Reproduce the material below only from the line with "Schmidt Spiele DREI" to the line with "Maria and Jessica's", both included, keeping each line exact and dropping the pictures.

[EXTRACTED INFORMATION]

###

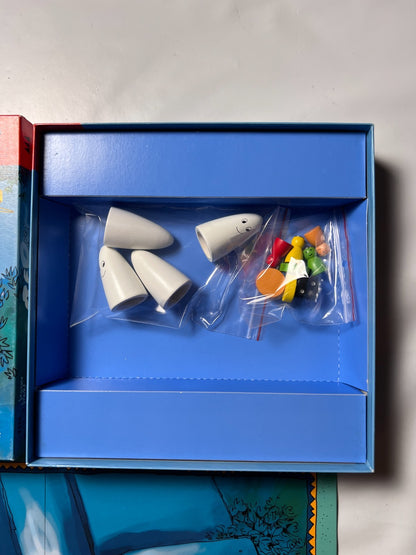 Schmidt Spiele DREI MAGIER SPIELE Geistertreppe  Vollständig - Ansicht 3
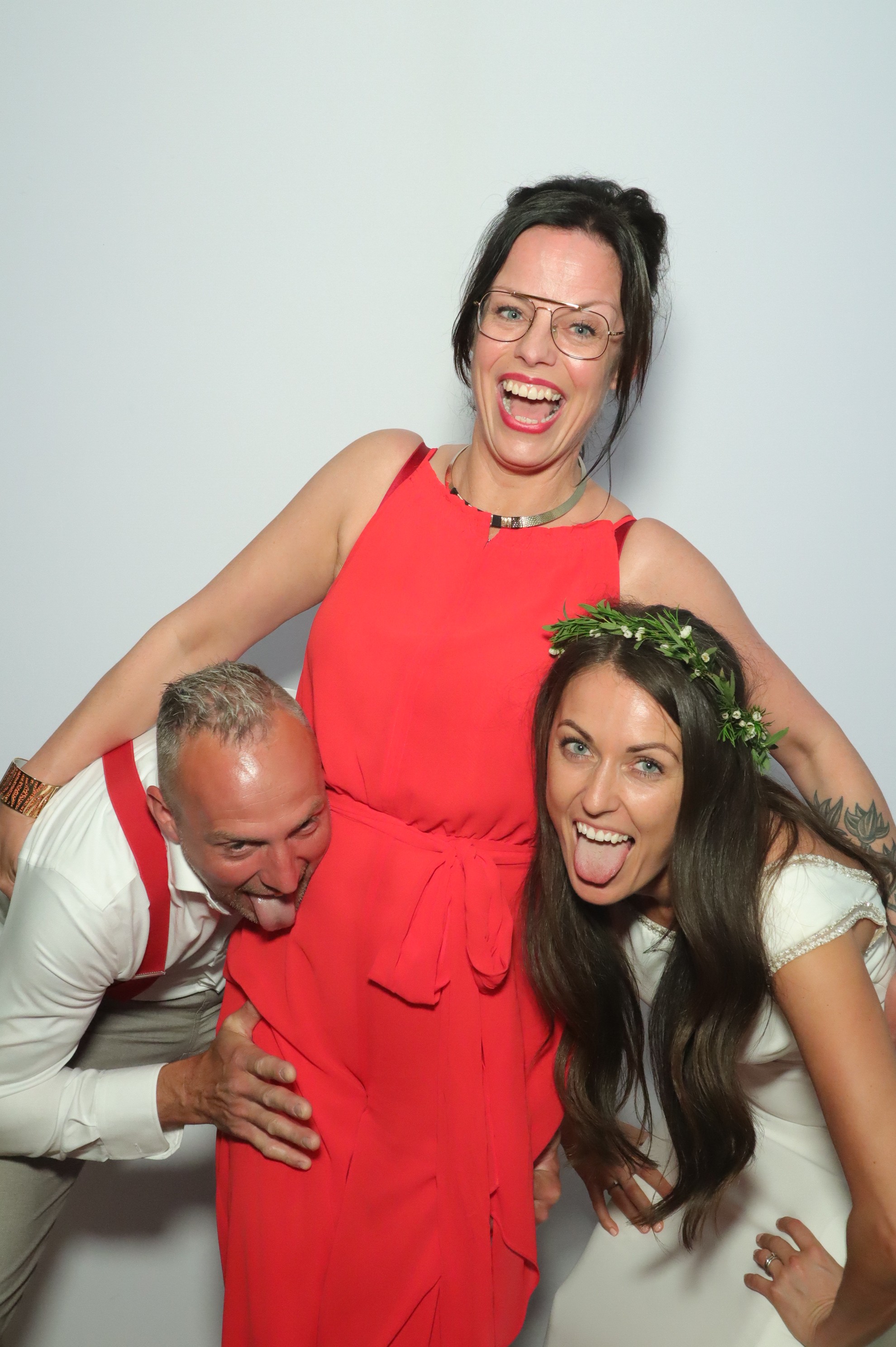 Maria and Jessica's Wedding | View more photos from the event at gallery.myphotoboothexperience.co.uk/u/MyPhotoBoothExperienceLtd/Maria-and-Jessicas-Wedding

###

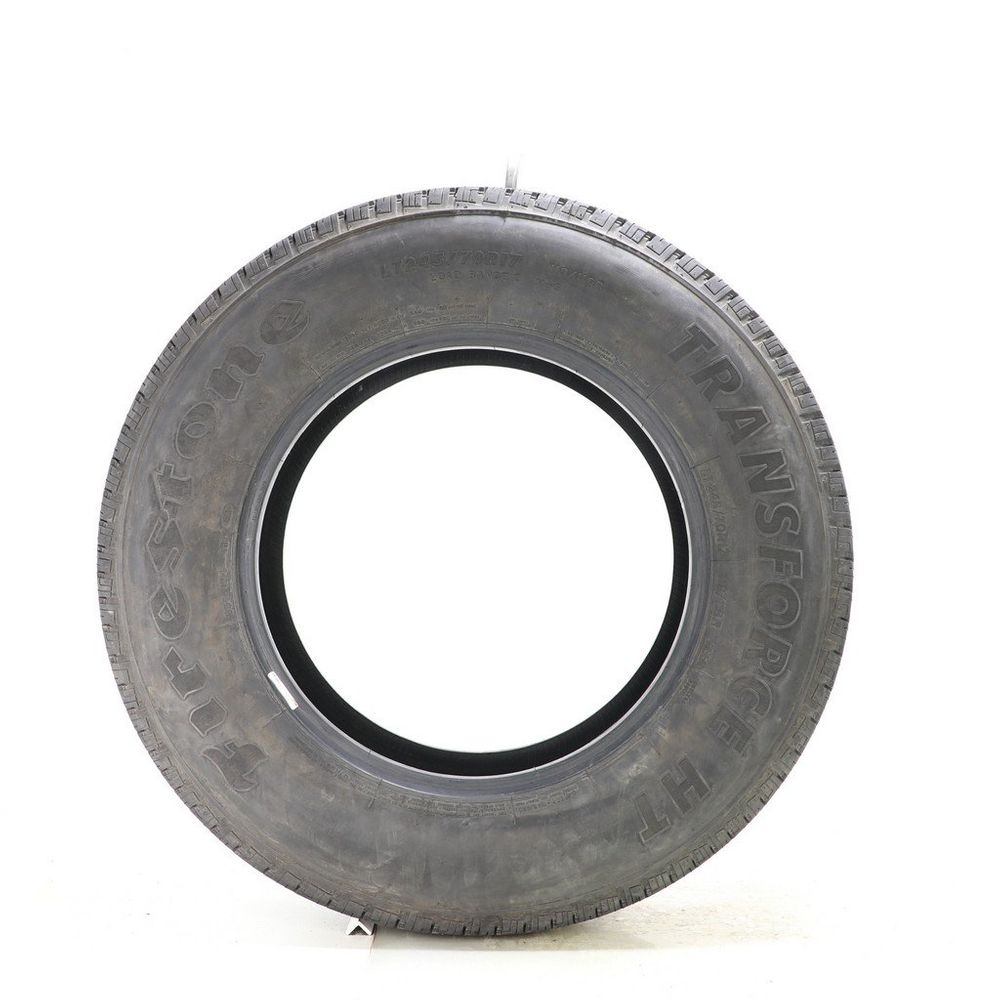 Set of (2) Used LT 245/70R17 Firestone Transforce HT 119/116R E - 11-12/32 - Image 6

###

[SOLUTION TO THIS TASK]
 Schmidt Spiele DREI MAGIER SPIELE Geistertreppe  Vollständig - Ansicht 3
 Maria and Jessica's Wedding | View more photos from the event at gallery.myphotoboothexperience.co.uk/u/MyPhotoBoothExperienceLtd/Maria-and-Jessicas-Wedding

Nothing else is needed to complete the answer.